La liturgia è sempre stata il pallino degli zeloti. Oggi è il pallone di pretini e pretoni che vi giostrano con la spericolatezza dei divi del calcio. Ecco perché certe riforme assomigliano alle toppe che il ciabattino mette alle scarpe rotte: al primo acquazzone ti buschi una polmonite. La Chiesa primitiva garantì il Vangelo coi suoi Martiri: Pietro crocifisso, Paolo decapitato, Giovanni decollato, Lorenzo arrostito, Giovanni Evangelista bollito, Bartolomeo scorticato. La Chiesa di oggi si affida alle riforme e si rifugia nelle assemblee. Anche la Messa è diventata assemblea dove le chiacchiere soffocano spesso la parola di Dio. È la fede che crea i martiri e i santi; le assemblee creano i venditori di fumo. Forse per questo, dopo ore e ore di dialogo e di assemblearismo, restano solo cicche, cenere e fumo.

Padre Bugnini me l’assicura: «Il latino non è abolito. Resta di diritto e di fatto». Ve n'eravate accorti, voi lettori? Questa è solo violenza alla buona creanza.

Ben a ragione poteva scrivere Pierre Debray in «Abbasso la tonaca rossa» (Volpe - Editore 1969). «Quando sento dei Vescovi condannare virtuosamente l'impiego della violenza, mi domando e dico di chi si fanno beffa. Il giorno in cui d'un colpo di penna mi hanno soppresso quelle messe latine che mi erano fonte di grande gioia e spiritualità, non dico che hanno commesso un'ingiustizia, ma una violenza sì» (pag. 129). Io aggiungo: anche un'ingiustizia, perché hanno defraudato il popolo di Dio di quanto essi gli avevano concordemente e solennemente largito. Il fatto stesso poi che sulla loro bocca ci sia sempre e solo «Concilio, Concilio, Concilio» alla fine mi sa anche di irrisione. «Il Concilio — scrive ancora Mons. Carli — o si accetta tutto o si rifiuta tutto ». Ma, guarda il caso: proprio là, dove il Concilio è stato chiaro e perentorio, la confusione, l'anarchia, il dispotismo sono legge!

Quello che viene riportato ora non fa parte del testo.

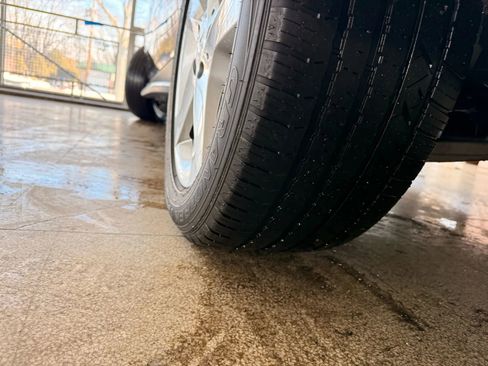 Used 2018 Mercedes-Benz GLE 350 4MATIC image 40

E a proposito di despotismo, si legga quanto ha scritto su «Nation Vaudoise» (10 gennaio 1970) il Dott. Marcel Degamey, protestante: «Dopo il Vaticano Il si poteva pensare che l’uso del volgare sarebbe stato autorizzato, ma non imposto, e così dei cambiamenti nell'ordine della messa e nei testi. Non è senza stupore che noi protestanti vediamo nella Chiesa cattolica la rivoluzione liturgica imposta all'insieme dei fedeli... Si strappa, così, ai fedeli il quadro concreto in cui si svolgeva la loro vita spirituale per fabbricargliene un altro... L'autorità istituita per conservare e proteggere il deposito della fede non può, senza essere tirannica, prescrivere per via autoritaria cambiamenti ch'equivalgono a una rivoluzione. Così, come la si contesta nel suo fondamento, “l'autorità si esercita, nella Chiesa cattolica, in maniera tirannica contro i suoi figli più fedeli” ».

Ma chi è il dispotico? Forse il Papa? Per carità! Tre giorni dopo la sentenza con cui si aboliva il latino scongiurava (parlando agli «Amici del latino» che avevano vinto un Concorso): «Date tutta la vostra opera acché tali parole (“Latinae linguae usus in ritibus latinis servetur”) sian fedelmente poste in atto, come non cesseremo mai di esortarvene» («L'Osservatore Romano» 1 aprile 1969).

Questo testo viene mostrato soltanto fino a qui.